Nitekim çeşitli âyetlerde “muhsinler” nitelemesiyle anılan müminlerin hilm ruhunu yansıtan bazı seçkin özelliklerine değinilmiş ve bu suretle ihsan kavramının içeriğine giren erdemlere de işaret edilmiştir. Bu erdemlerin bazıları şunlardır: Öfkeye hâkim olma, affetme, hoşgörü, sabır (Âl-i İmrân 3/133-134; Mâide 5/13; Yûsuf 12/90; Hûd 11/115), işlerde aşırılıktan sakınma, kararlılık ve cesaret (Âl-i İmrân 3/147-148), tok gözlülük ve cömertlik (Bakara 2/236; Âl-i İmrân 3/133).
Sonuç olarak ihsan kavramını, “insanın, hem Allah’a hem de yakın ve uzak çevresine, bütün insanlara, hatta tabiata karşı yaklaşımında, tutum ve davranışlarında adalet ölçüsünün, farz ve vâcip sınırlarının da ötesine geçerek imkân ve kabiliyetlerine göre kulluğun, özverinin ve erdemin nicelik ve nitelik olarak en yüksek seviyesine ulaşması” anlamına gelecek şekilde tanımlamak mümkündür.
İhsan mutlak bir görev olmamakla birlikte adaletten de ileri bir erdemdir. Buna karşılık toplumsal hayatta adalet ihsandan daha önemli ve önceliklidir; çünkü İslâm bilginlerinin sık sık tekrar ettiği gibi “yer ve göklerin düzeni adaletle kaimdir” (Râzî, XX, 103).

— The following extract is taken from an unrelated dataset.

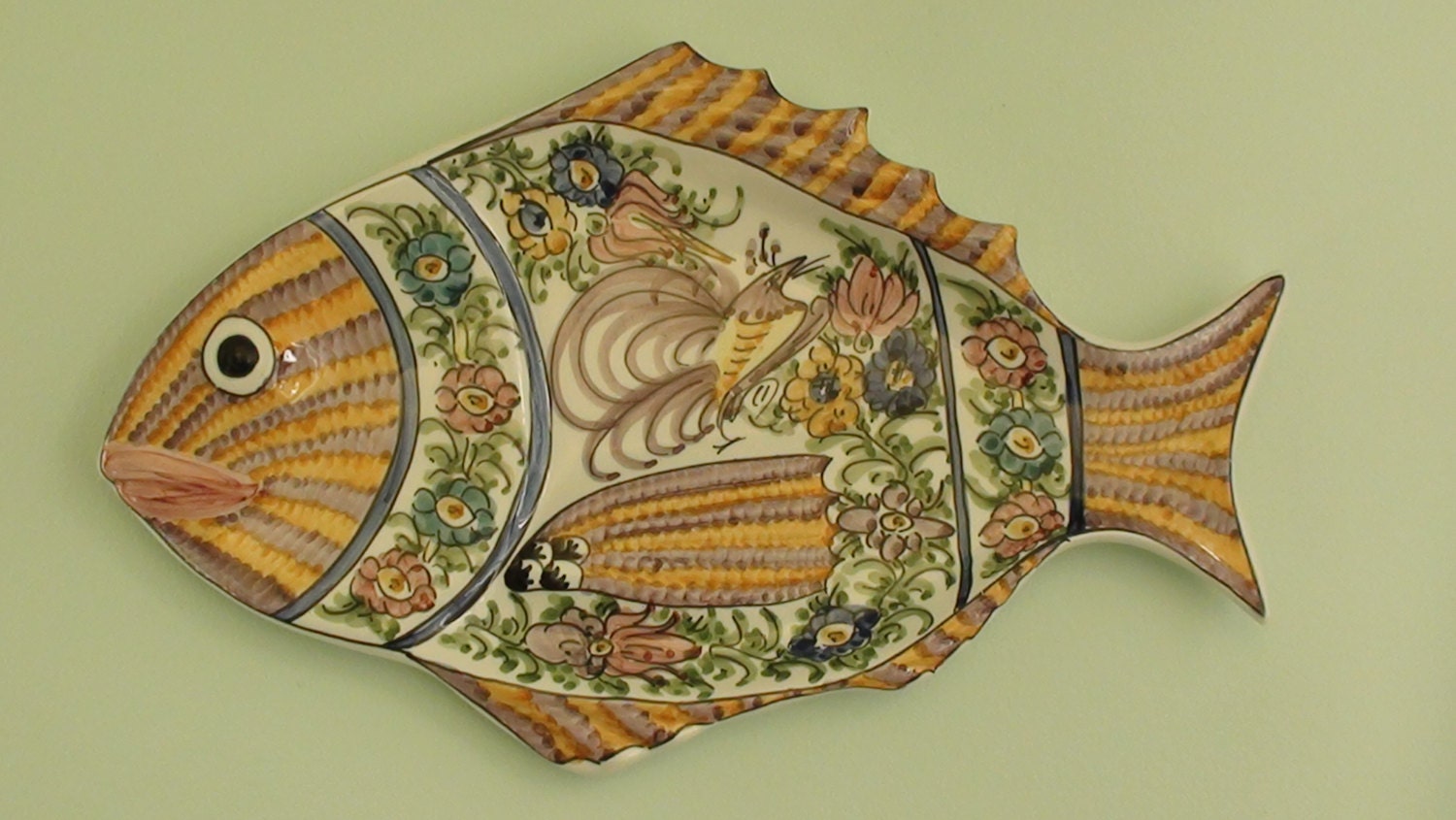 Handmade and hand painted ceramic fish plate.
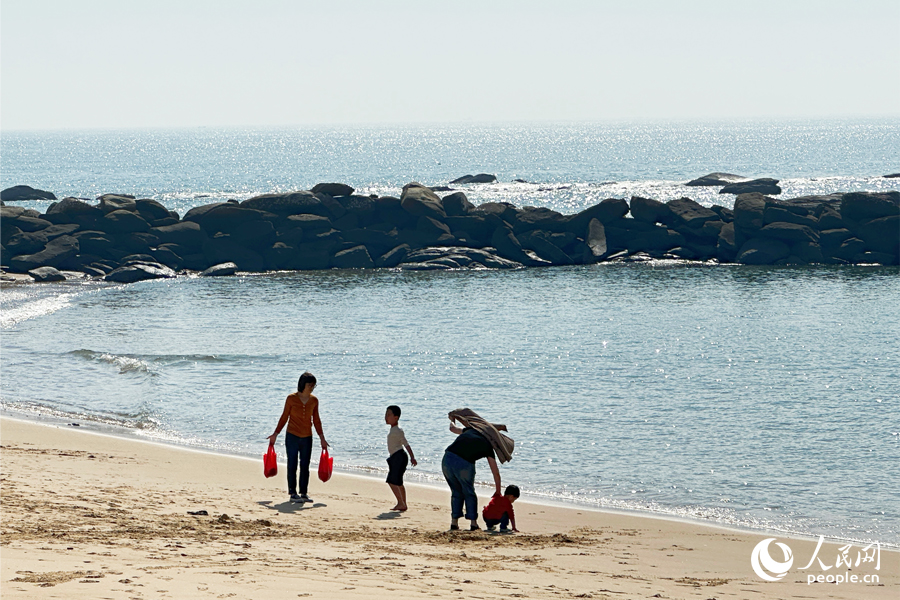 12月9日，泉州石獅市“十里黃金海岸”海邊，游客流連忘返。人民網(wǎng)記者 劉卿攝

Bu yüzden Hz. Peygamber sallahu aleyhi vesellem, “Hüküm verirken adaletli olanlar, ailesine karşı ve yönetimi altında bulunanlar hakkında âdil davrananlar, kıyamet gününde nurdan minberler üzerindedirler” buyurarak adaletin Allah nezdindeki değerine işaret etmiştir (Müslim, “İmâre”, 18). Adaletin esas alındığı bir sosyal yapıda insanlar, toplumsal ilişkilerde birbirlerine eşitlik ekseninde bakar ve birbirlerini eşitlik temelinde anlamaya çalışırlar.